For me Raw Art is about the spiritual struggle that stems from solitude & the solitude that stems from spiritual struggle. The animation for which these words serve as an introduction addresses my own such issues. Initially, I had in mind a humble meditation based upon Alfred Eaker’s painting, Plastic Paragraphs (Transitions), yet it evolved into something much more elaborate. Instead of animating one of Alfred Eaker’s images, I animated 5 and combined them with 5 animated images of Burlesque diva Legs Malone. I felt drawn farther and farther into Alfred Eaker’s imagery because I sensed therein a rift I deeply related to: the rift between letting loose one’s pop culture laced imagination while remaining true to one’s spiritual core. I meld Alfred Eaker and Legs Malone because I see a connection between Burlesque and Raw Art. Burlesque strips theatrical presentation down to its bare essence. And I did not use the words “strips” and “bare” ironically in the previous sentence, as that’s what this approach to creativity entails: honing a style that is stripped-down, raw.
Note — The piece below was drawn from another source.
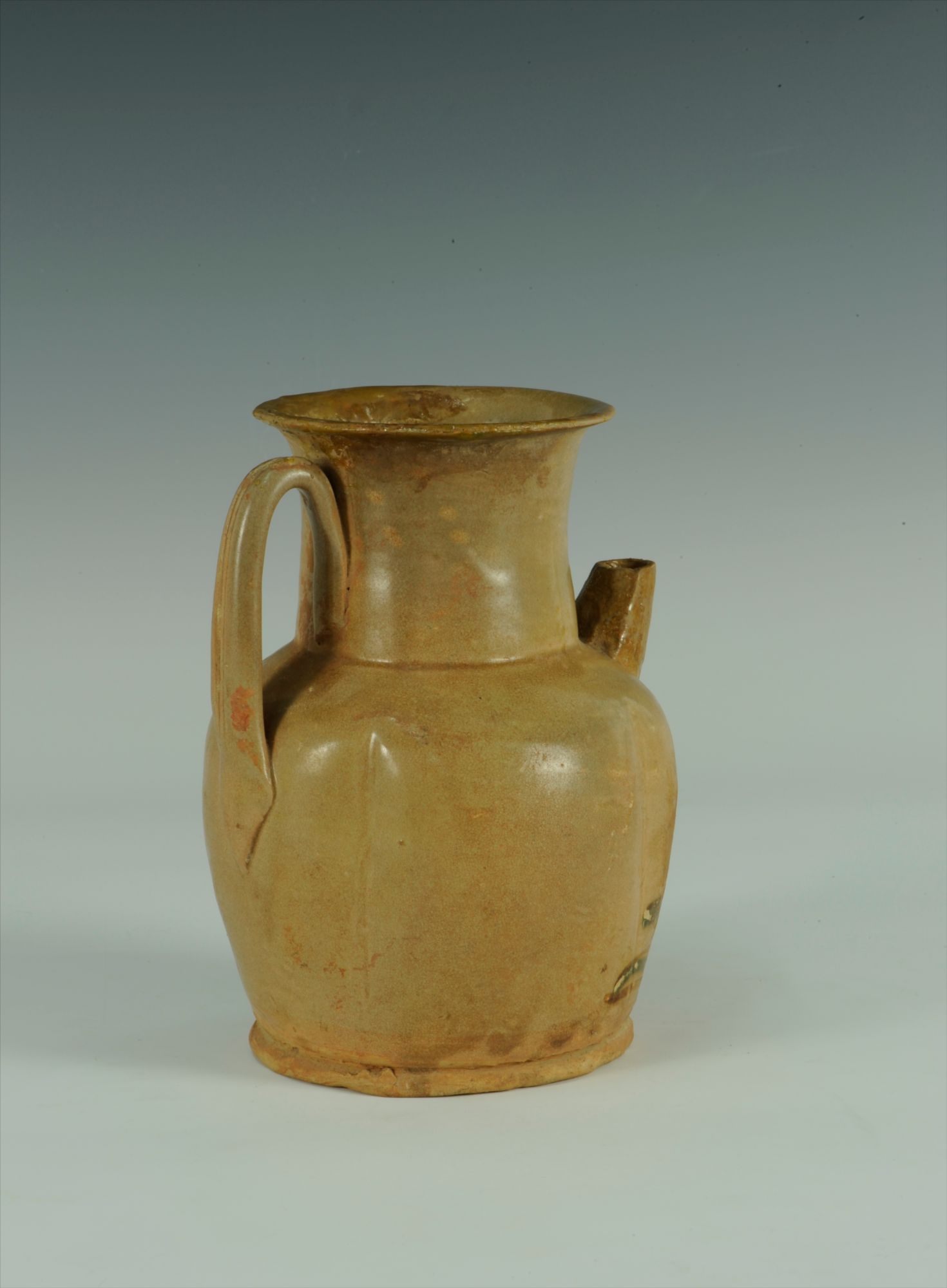 唐代长沙窑青釉彩绘花鸟纹瓷执壶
According to the Wikipedia article on Neo-Burlesque: “The adult-oriented 20th Century Burlesque-Striptease, in its various forms, is a unique traditional American Folk Art with the classical burlesque form remaining chiefly a British and European theatrical tradition.” American Burlesque diva Legs Malone’s diva persona flowers seamlessly, as the person behind the persona has a visceral hold, lending passion. Striptease is not so much about flaunting sexuality as it is about bringing what makes sexuality magical into proper relief.
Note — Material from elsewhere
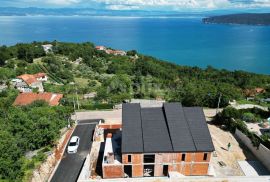 OPATIJA, SV. JELENA - villa 250m2 s panoramskim pogledom na more i bazenom + uređena okućnica 1200m2, Mošćenička Draga, Maison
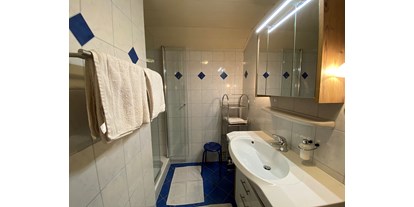 Monteurwohnung - Zimmertyp: Mehrbettzimmer - Schießer - Ferienwohnung Winter Dusche - Privatzimmer & Ferienwohnungen Leeb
Laurie Spiegel, whose computer program, Music Mouse, was created in some measure to allow people to transform their computers into musical folk instruments, taught me how to use a computer. I consider the animations I create on my computer for Illumination Gallery to be Folk Art. Admittedly dark, cryptic Folk Art, but definitely Folk Art. For me Raw Art is a dark, occasionally cryptic, type of Folk Art. Jean Dubuffet was a friend of Antonin Artaud. He considered Artaud a kindred spirit, whose notion of Theatre of Cruelty tied in to the primal tendencies of Raw Art. Artaud was a huge fan of the Marx Brothers, whose roots lay in Burlesque, and Theatre of Cruelty incorporated elements of Burlesque. Dubuffet was a close associate of publisher/writer Jean Paulhan, who raged against the “intellectual terrorism” inherent to the arts in France and Europe. Paulhan was an admirer of the Marquis de Sade. His lover was Anne Desclos, who, under the pseudonym Pauline Réage, wrote The Story of O (1954). Pailhan inspired The Story of O and wrote the preface for it. Laurie Spiegel, Jean Dubuffet, Antonin Artaud, Theatre of Cruelty, the Marx Brothers, Burlesque, The Story of O, Striptease, Raw Art, Alfred Eaker, Legs Malone. If you understand the politics, then the distinctions blur.
Animation duration: 11 minutes and 17 seconds, before looping.